_TASK PROMPT_. The response should consist only of the lines from the one with "Cozy sweet home stay near nyc - 9" to the end of the data below, copied exactly and without pictures.

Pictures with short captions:
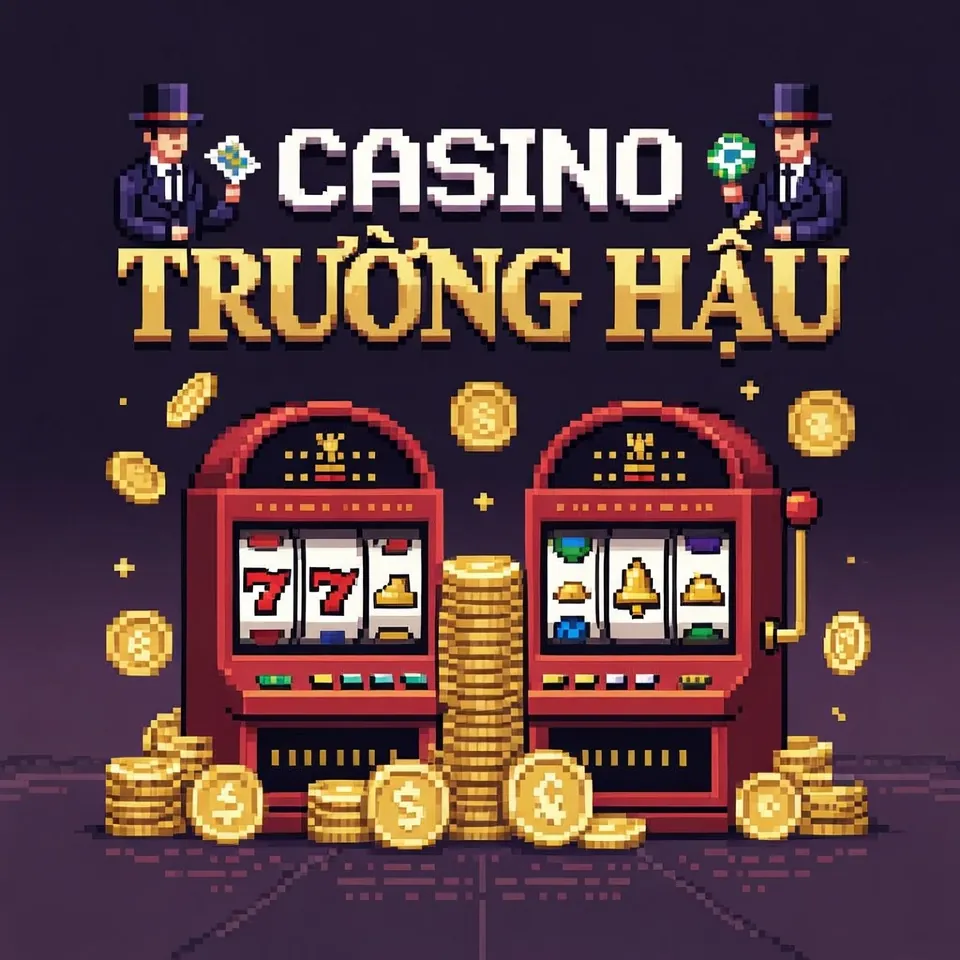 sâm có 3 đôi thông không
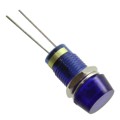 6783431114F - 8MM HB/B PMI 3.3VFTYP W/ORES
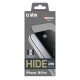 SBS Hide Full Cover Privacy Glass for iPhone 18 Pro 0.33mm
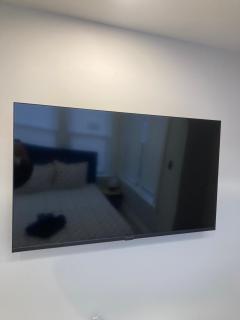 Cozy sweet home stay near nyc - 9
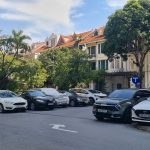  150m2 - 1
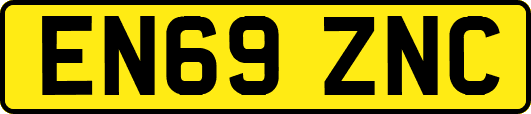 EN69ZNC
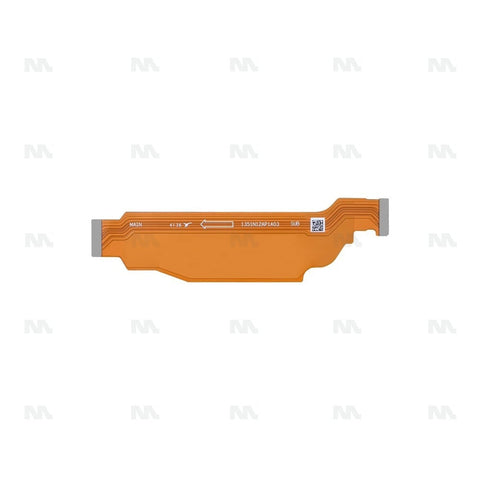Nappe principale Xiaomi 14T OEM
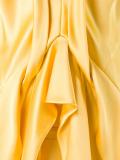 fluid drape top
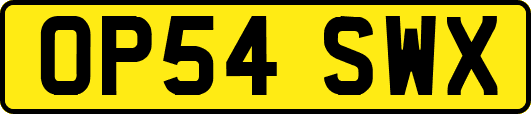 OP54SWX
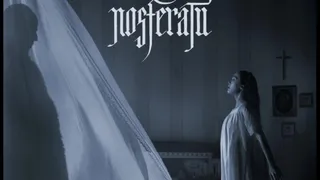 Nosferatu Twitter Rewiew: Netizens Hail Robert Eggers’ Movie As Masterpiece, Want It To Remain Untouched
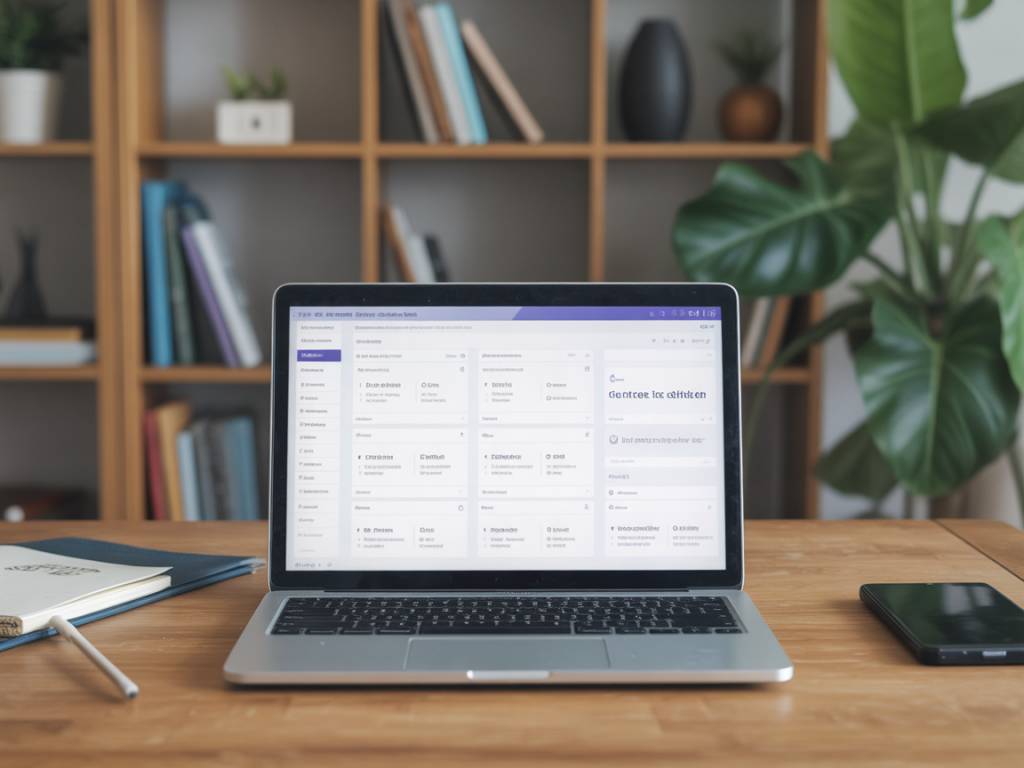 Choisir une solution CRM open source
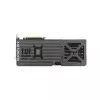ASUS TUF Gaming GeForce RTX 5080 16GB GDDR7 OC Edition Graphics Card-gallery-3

_TASK ANSWER_.
 Cozy sweet home stay near nyc - 9
  150m2 - 1
 EN69ZNC
Nappe principale Xiaomi 14T OEM
 fluid drape top
 OP54SWX
 Nosferatu Twitter Rewiew: Netizens Hail Robert Eggers’ Movie As Masterpiece, Want It To Remain Untouched
 Choisir une solution CRM open source
ASUS TUF Gaming GeForce RTX 5080 16GB GDDR7 OC Edition Graphics Card-gallery-3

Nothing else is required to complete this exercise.